Okay, okay, but what is going to happen to the market next week? Unfortunately my crystal ball broke, so we are going to have to look at a few charts. While diverging volume signaled the decline, it has not been useful in determining bottoms lately. Many market internals did hit their targets momentarily, but price did not. The recent market history provides some interesting insight.

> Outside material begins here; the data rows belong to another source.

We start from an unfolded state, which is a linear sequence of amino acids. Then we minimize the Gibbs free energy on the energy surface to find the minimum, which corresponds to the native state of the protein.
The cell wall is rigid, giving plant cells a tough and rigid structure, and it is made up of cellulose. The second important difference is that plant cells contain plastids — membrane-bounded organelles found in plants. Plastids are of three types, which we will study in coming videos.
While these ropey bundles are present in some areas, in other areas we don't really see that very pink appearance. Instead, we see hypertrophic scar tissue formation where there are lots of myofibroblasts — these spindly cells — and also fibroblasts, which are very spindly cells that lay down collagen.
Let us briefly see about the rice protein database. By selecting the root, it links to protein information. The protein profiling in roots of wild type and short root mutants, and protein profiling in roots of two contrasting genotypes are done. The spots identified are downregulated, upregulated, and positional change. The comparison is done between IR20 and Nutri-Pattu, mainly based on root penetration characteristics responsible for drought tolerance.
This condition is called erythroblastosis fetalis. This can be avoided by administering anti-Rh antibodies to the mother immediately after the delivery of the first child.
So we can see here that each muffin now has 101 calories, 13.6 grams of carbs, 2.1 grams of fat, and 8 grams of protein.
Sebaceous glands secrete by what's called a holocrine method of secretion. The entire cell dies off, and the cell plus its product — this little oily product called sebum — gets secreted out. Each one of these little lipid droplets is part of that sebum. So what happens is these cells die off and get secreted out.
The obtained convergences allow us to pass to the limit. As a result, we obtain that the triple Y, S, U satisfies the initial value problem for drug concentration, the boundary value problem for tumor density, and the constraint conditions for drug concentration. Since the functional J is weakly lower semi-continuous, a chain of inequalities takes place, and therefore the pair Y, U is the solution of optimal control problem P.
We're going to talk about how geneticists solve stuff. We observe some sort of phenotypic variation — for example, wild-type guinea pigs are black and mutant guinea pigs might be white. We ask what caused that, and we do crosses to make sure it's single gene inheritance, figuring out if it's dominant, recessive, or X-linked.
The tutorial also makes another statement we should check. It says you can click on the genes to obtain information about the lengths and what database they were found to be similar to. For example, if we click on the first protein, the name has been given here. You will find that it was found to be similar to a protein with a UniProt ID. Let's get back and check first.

The blue line is the 108-day simple moving average and has been a good indicator of the minimum correction to expect since June of 2013. Also note the long term trend line has been broken and the new trend is less steep. The TSP S fund trend (not shown) appears to have steepened and is outperforming the C fund again, but the TSP C fund (S&P 500) accounts for 80% of the market cap of the US stock market and better reflects the status of this bull market. The TSP S fund’s recent performance reflects the shift in funds away for the larger companies exposure to currency risk with the surging dollar.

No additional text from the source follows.